DANSE

Chiquenaudes | Romance en stuc

22 Nov - 22 Nov 2019

Que reste-t-il, plus de 35 ans après sa création, d'une chorégraphie ? De son originalité et de sa subversion de l'époque ? Comment en transposer fidèlement les gestes, les costumes, la musique de nos jours, sans que les années écoulées ne dénaturent la danse initiale dans l’œil du spectateur ? Voilà le défi que chorégraphe Daniel Larrieu se propose de relever.

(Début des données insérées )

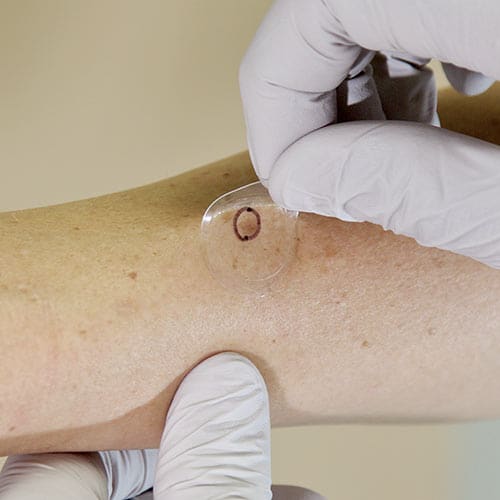 Test for Potential Skin Cancer Malignancy With Out a Scar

Daniel Larrieu compte parmi les grands chorégraphes français révélés par le fameux Concours de Bagnolet qui, au cours des décennies 1970 et 1980, servit de véritable tremplin aux jeunes talents de la danse contemporaine et de plateforme à l’émergence de la Nouvelle danse française. Sa courte pièce Chiquenaudes en gagna le deuxième prix en 1982. Trois ans après, il monta son spectacle Romance en stuc au Cloître des Célestins, dans le cadre du Festival d’Avignon. Il s’agit donc de deux pièces de jeunesse, qui, par delà la « naïve imperfection » que le chorégraphe peut y percevoir aujourd’hui, incarnent l’une comme l’autre deux tentations qui parcourent son travail, tout comme l’histoire de la danse elle-même : celle du geste pur et celle du geste narratif.

Chiquenaudes et Romance en stuc : des œuvres de jeunesse aux antipodes l’une de l’autre

Dans Chiquenaudes, il s’agissait d’une chorégraphie pour trois danseurs, sans musique ni narration, consistant en un enchaînement rapide de gestes simples mais précis durant neuf minutes. Comme son titre l’indique, cette chorégraphie démontre l’intérêt de Daniel Larrieu pour les gestes à la fois les plus infimes, à l’instar de la rotation d’un doigt levé en l’air, et les plus évocateurs de la vie de tous les jours. Ce formalisme pur laisse place petit à petit dans son œuvre à la narration, dont témoigne son spectacle Romance en stuc.

Cette pièce, dansée par onze interprètes, racontait au cours d’une heure l’histoire d’un couple séparé par le destin – destin personnifié par un danseur venant briser les liens amoureux des protagonistes à coups de gestes rappelant les arts martiaux. Sur scène, outre les deux amants, un chœur antique composé de figures masquées, aux perruques colorées, aux corps couverts de peinture, de latex et de soie, portait le récit tragique. Si la même attention aux gestes minutieux persiste dans le prolongement de Chiquenaudes, cette danse est cette fois-ci théâtralisée, rythmée par une bande-son et entrecoupée de lectures de textes.

Récréer fidèlement Romance en stuc 35 ans après

L’entreprise de Daniel Larrieu ne se limite cependant pas à la simple redécouverte du début de sa carrière artistique. Plus largement, elle pose la question de la transmission, à travers les années, d’une chorégraphie, ainsi que de sa substantifique moëlle créative et subversive, propre à un moment artistique et historique donné. Comment faire perdurer le choc que pouvait représenter Romance en stuc dans les années 1980 ? Comment le faire sentir de manière spontanée aux spectateurs, sans qu’ils aient à recourir aux livres d’histoire de l’art ? Pour ce faire, il ne touche pas à la danse elle-même – patrimoine immatériel, réanimé par les corps des jeunes danseurs. En revanche, dans Romance en stuc, la scénographie change, rappelant la topographie de son lieu de création, sans pour autant verser dans la nostalgie. Ainsi, des marquages au sol indiquent par exemple l’emplacement des éléments de décor de la représentation d’origine, mais la mise en scène réinvestit ces espaces vides pour y créer un nouveau spectacle.

A (re)découvrir le 22 novembre 2019 au Cda Enghien-les-Bains.